I know I’ve said this before but I can’t express to you how glad I am that I changed my writing year so that it ends in November. I made this change on a whim back in 2014 and it was one of the best decisions I’ve made for both my writing goals and general mental health. It also took a ton of pressure off the already crazy end of the year. I mention this because the calendar doesn’t own you either. Companies can set their own fiscal years, there’s no reason you can’t do the same for whatever your goals are. A resolution need not be tied to the new year.
For me, November is such a busy month because of all the work I have to do for NaNoWriMo in my role as ML (Municipal Liaison aka Region Head for my NaNo Region). I’m running multiple events a week, dispensing pep and regional news weekly and participant/library partner wrangling daily while also doing my own writing, I usually enter December burned out and overwhelmed. I’ve got to catch up on all the stuff I put off in November when ML-ing was the top priority. Then I get blindsided by the prep, shopping and decorating for the holidays and my daughter’s birthday both, the barrage of orders to my eBay store, last minute doctor’s appointments before the new insurance year runs out, and whatnot.
There it was, the end of my writing year, and instead of powering to the finish and trying to hit my stretch goals, I would limp to the end forever feeling like I didn’t write enough. It was such a let down after the writing highs of November and such a buzzkill way to end the year, I started every New Year in a writing funk. Add to this that the Year in Review spirit of December always left me wanting to spend the month mucking with my writing spreadsheets and calculating my stats from year to year for end-of-the-year closure… when I still had a whole month of writing left.
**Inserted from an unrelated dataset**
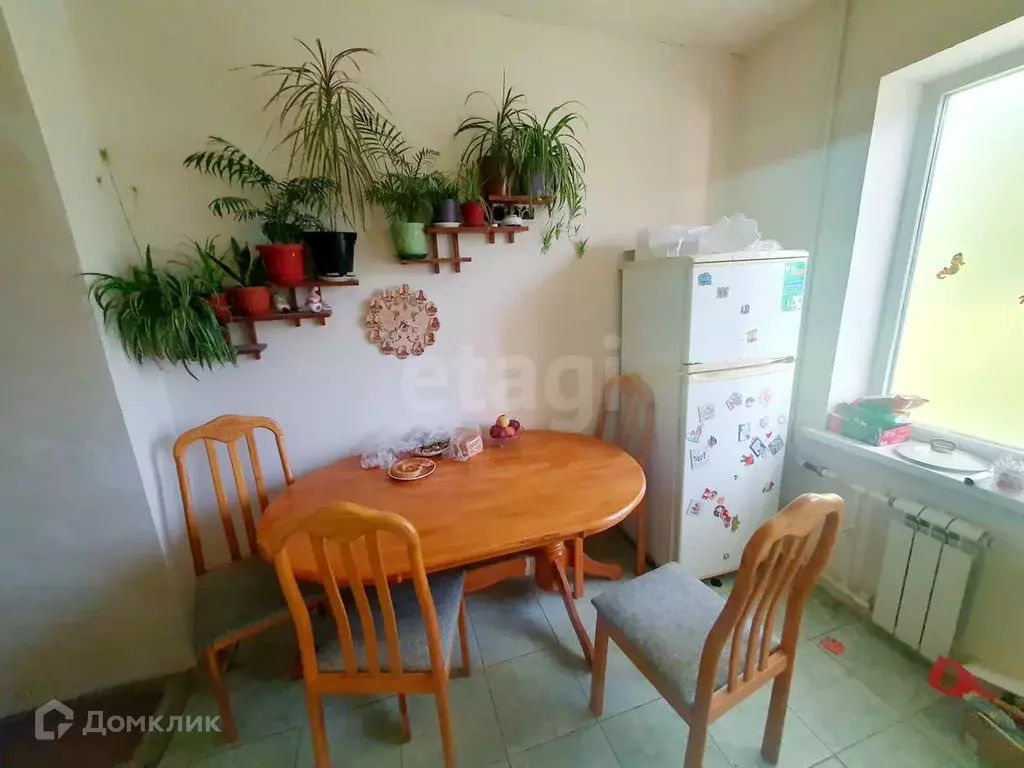 Продаётся 2-к квартира, 51.9 м - Фото 1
But now, that crazy sprint to the end of November is also the sprint to the end of my writing year and I can push myself to hit stretch goals for the year by setting them as NaNoWriMo goals. This makes the race to the finish much more satisfying as I can tap into the camaraderie and Write All The Things inspiration of the event, ending the year on a writing high. That Thank God It’s Over Party is extra satisfying when it caps off 12 months of writing on top of the 30 day challenge! And when I catch that Year in Review fever, there’s nothing stopping me from crunching the numbers on my Yearly Goal because they’re already set in stone.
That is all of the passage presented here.